Лея Салье (страница 12)

Страница 12

А потом всё стихло, будто сама реальность застыла, впитывая в себя остатки пережитого. Только его тяжёлое, неровное дыхание разрывалось в воздухе, напоминая о том, что произошло, что нельзя отменить, что навсегда осталось запечатлённым в этой комнате.

Лена не двигалась, её тело казалось застывшим, потерявшим связь с разумом.

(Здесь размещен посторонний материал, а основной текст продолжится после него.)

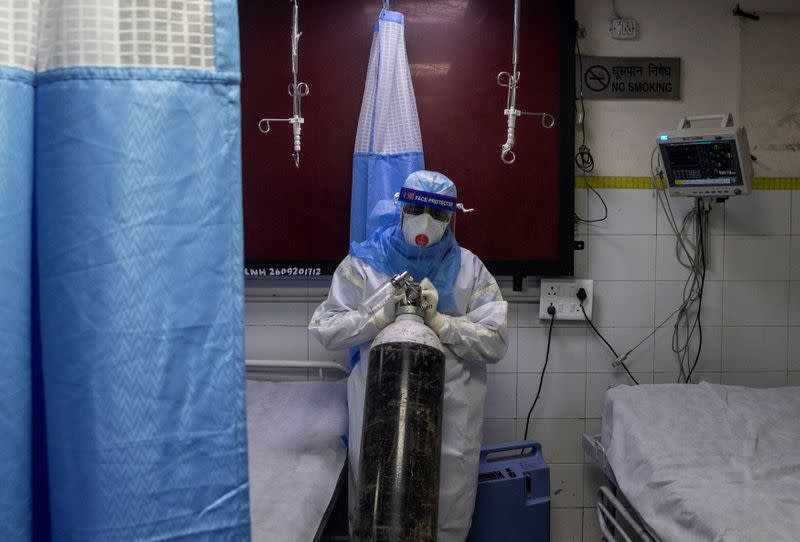 Medical workers treat patients infected with the coronavirus disease (COVID-19) at a hospital in New Delhi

Губы пересохли, потрескались, но она этого не ощущала, как не чувствовала больше холода или жара.

Её глаза ничего не видели, ничего не воспринимали, они просто смотрели в пустоту, отражая внутри разорванное пространство, где больше не было её самой.

Где—то в глубине её сознания хрустнула последняя нить – слабый, незаметный звук, знаменующий собой конец сопротивления, конец всего, что ещё можно было спасти.

Никто не знал, что когда—то его имя значилось в медицинских архивах закрытой психиатрической клиники, где в детстве ему ставили диагнозы, о которых теперь предпочитали молчать. Всё было скрыто, замято, забыто – так, словно этого никогда и не существовало.

Глава 6

Лена проснулась ночью, но пробуждение не дало ни облегчения, ни ясности. Вместо этого оно принесло с собой новую волну отчаяния, более тяжёлую, чем та, что накрыла её вечером. В темноте комнаты не было утешения – только осознание неизбежности, только тягучее ощущение собственной беспомощности. Темнота комнаты была вязкой, чужой, холодной. Воздух стоял неподвижно, тяжело, словно густая, удушающая пелена, скрадывающая звуки. Она не сразу поняла, где находится, не сразу вспомнила, кем теперь стала. Но тело помнило. Оно знало.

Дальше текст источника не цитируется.